-- Exercise data follows --

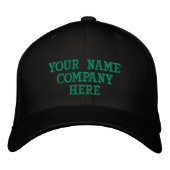 Custom Text Hat Embroidered Baseball Cap Template 刺繍入りキャップ (正面)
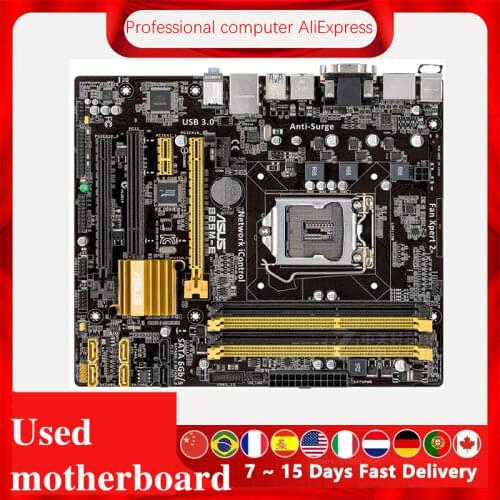 For Asus B85M-E Desktop Motherboard B85 LGA 1150 For Core i7 i5 i3 SATA3 USB3.0 Original Used Mainboard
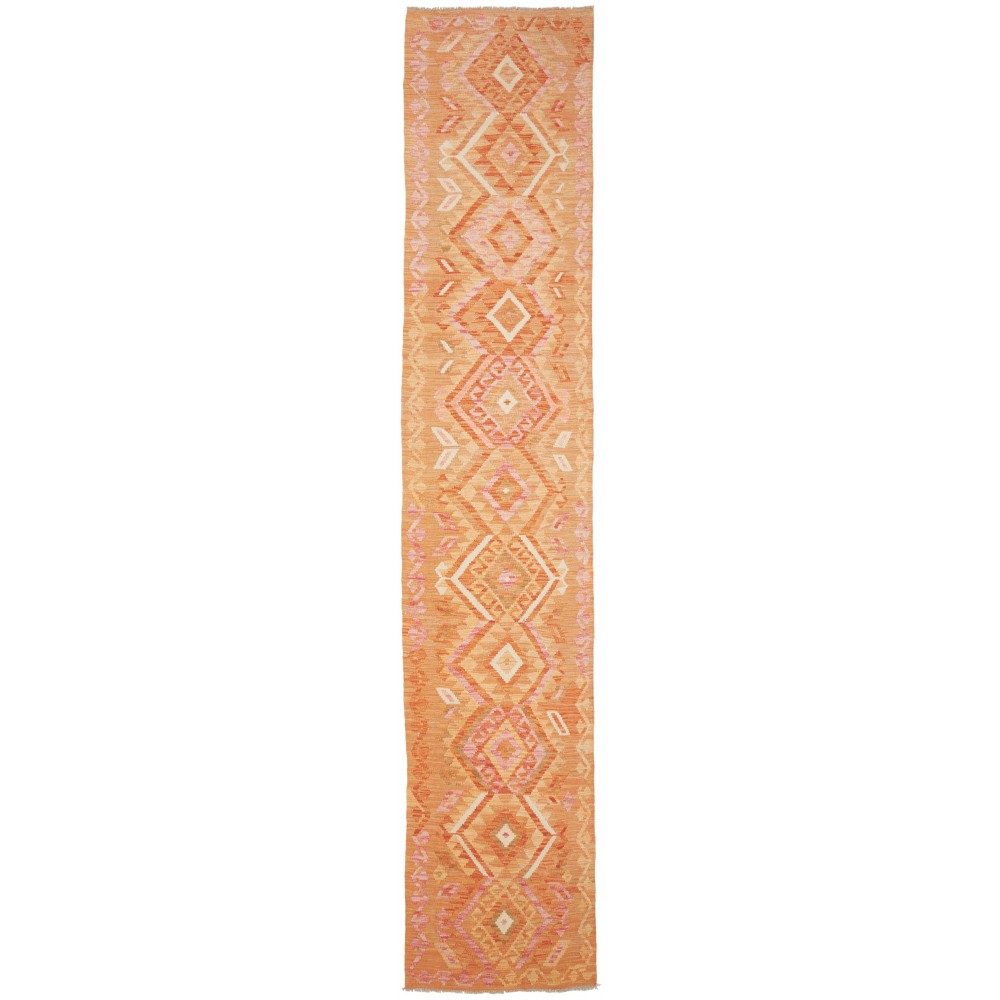 Tappeto Kilim Afghanistan arancione 70x387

-- Exercise data concluded --

*Exercise details:*
Return, exactly as they stand, all of the lines above, but not the pictures.

*Exercise output:*
 Custom Text Hat Embroidered Baseball Cap Template 刺繍入りキャップ (正面)
 For Asus B85M-E Desktop Motherboard B85 LGA 1150 For Core i7 i5 i3 SATA3 USB3.0 Original Used Mainboard
 Tappeto Kilim Afghanistan arancione 70x387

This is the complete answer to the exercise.